Dr. Roger Danziger and Dr. Bruce Lipskind show off some 5-6-pound mangrove snappers they caught Aug. 13 in 150 feet of water about 50 miles offshore of Holmes Beach in the Gulf of Mexico while fishing on Danziger’s “NozDoc.”

Despite water temps in the high 80s, flats fishing is still productive so long as you fish early morning as opposed to midday.
Spotted seatrout and catch-and-release snook seem to be the predominant bite, especially during swift-moving, early morning tides. Redfish are present, although the numbers of fish are not what they should be this time of year.

Moving out to deeper structure — artificial reefs, wrecks and rock piles — is a good idea, as you approach the heat of the day. Mangrove snapper, flounder and even grouper are being caught in these areas. You’ll also find Spanish mackerel and sharks in abundance.

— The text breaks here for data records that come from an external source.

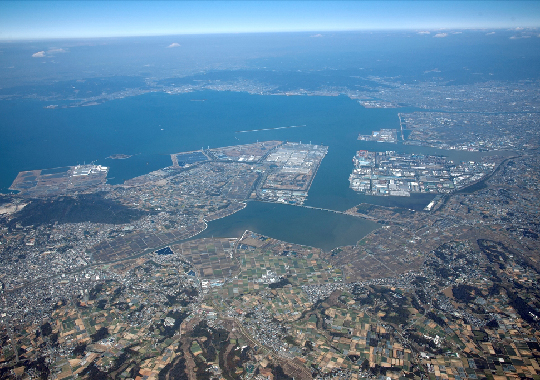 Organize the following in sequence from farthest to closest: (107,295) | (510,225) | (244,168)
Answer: (244,168), (510,225), (107,295)

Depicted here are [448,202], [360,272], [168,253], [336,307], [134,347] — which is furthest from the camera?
[448,202]

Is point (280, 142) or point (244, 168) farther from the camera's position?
point (280, 142)

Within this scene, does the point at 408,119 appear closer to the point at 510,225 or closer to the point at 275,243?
the point at 510,225

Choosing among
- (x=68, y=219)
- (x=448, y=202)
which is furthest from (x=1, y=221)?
(x=448, y=202)

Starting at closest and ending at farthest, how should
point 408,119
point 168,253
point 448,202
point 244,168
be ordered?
point 168,253 → point 448,202 → point 244,168 → point 408,119

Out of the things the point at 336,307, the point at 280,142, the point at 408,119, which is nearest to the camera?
the point at 336,307

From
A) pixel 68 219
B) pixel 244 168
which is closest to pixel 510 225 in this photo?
pixel 244 168

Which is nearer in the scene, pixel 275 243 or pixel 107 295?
pixel 107 295

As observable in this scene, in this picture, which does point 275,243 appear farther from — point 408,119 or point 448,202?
point 408,119
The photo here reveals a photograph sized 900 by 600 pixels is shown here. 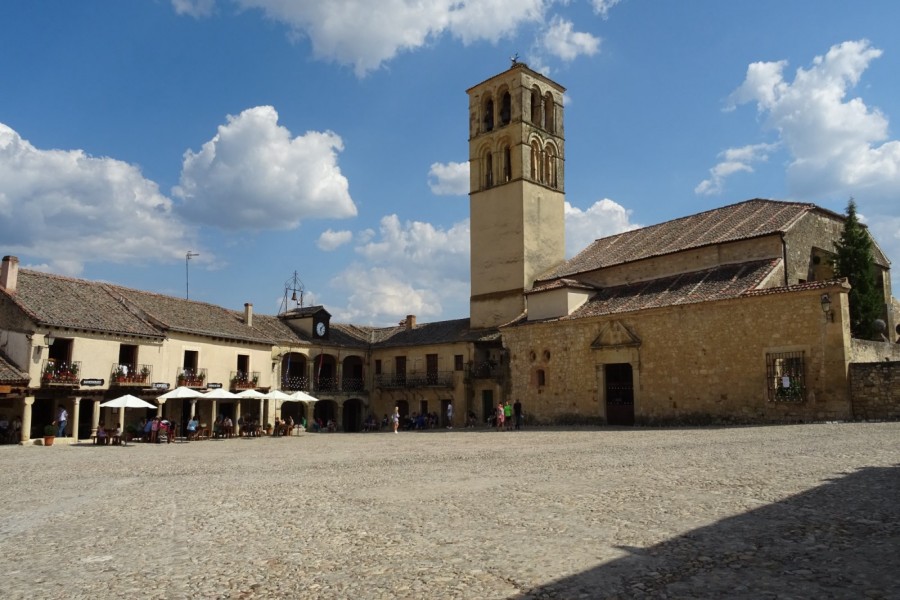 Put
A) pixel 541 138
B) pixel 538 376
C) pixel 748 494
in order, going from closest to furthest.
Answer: pixel 748 494
pixel 538 376
pixel 541 138

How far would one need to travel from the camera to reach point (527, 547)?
17.7 feet

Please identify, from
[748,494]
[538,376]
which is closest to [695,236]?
[538,376]

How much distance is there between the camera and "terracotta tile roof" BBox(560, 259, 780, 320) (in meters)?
22.4

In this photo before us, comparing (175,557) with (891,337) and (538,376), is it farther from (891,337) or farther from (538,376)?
(891,337)

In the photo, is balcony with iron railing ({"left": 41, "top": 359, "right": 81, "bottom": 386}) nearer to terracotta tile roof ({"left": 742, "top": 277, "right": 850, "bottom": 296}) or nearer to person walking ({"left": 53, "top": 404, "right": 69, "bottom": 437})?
person walking ({"left": 53, "top": 404, "right": 69, "bottom": 437})

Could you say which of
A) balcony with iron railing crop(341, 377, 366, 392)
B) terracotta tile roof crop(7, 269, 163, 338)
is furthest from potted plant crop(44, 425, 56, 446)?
balcony with iron railing crop(341, 377, 366, 392)

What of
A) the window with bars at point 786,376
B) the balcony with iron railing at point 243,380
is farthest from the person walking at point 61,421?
the window with bars at point 786,376

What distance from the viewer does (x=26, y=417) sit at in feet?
74.0

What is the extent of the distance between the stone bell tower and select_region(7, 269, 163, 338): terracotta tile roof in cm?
1569

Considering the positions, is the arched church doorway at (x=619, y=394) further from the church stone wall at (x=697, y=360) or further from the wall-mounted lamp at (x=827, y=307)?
the wall-mounted lamp at (x=827, y=307)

On my Southernaire charters, I’m finding a great trout bite on the early morning tides. Spotted seatrout 12-22 inches are being caught by free-lining live shiners over grass flats in water depths of 4-8 feet. Mixed in are bluefish, mackerel, mangrove snapper and juvenile grouper.

After putting some trout in the cooler, I’m moving to shallower flats of 2-3 feet of water where mangrove shorelines and/or oyster bars are present. In these areas, rallies of schooley-sized catch-and-release snook are occurring. Free-lined live shiners are quickly being inhaled by the 24-inch fish. Bigger linesiders are mixed in, although most are 22-26 inches. An occasional redfish is being caught between snook bites, but it’s random at best.

Catch-and-release shark fishing is at its best right now along the beaches of Anna Maria and throughout Tampa Bay. Blacktip sharks are the most apparent and are ranging 25-100 pounds. Fresh-cut chunks of Spanish mackerel are working great as bait, but ladyfish, jack crevalle or blue runners work, too.

Lastly, the mangrove snapper have invaded the inshore waters in abundance. Whether fishing the flats, reefs or rock piles, I’m consistently seeing snapper being reeled up. I’m noticing the fish being caught on the flats are barely legal, but the fish on structure are much larger. Free-lining or bottom fishing baits is productive, depending on where you are and what mood the snapper are in.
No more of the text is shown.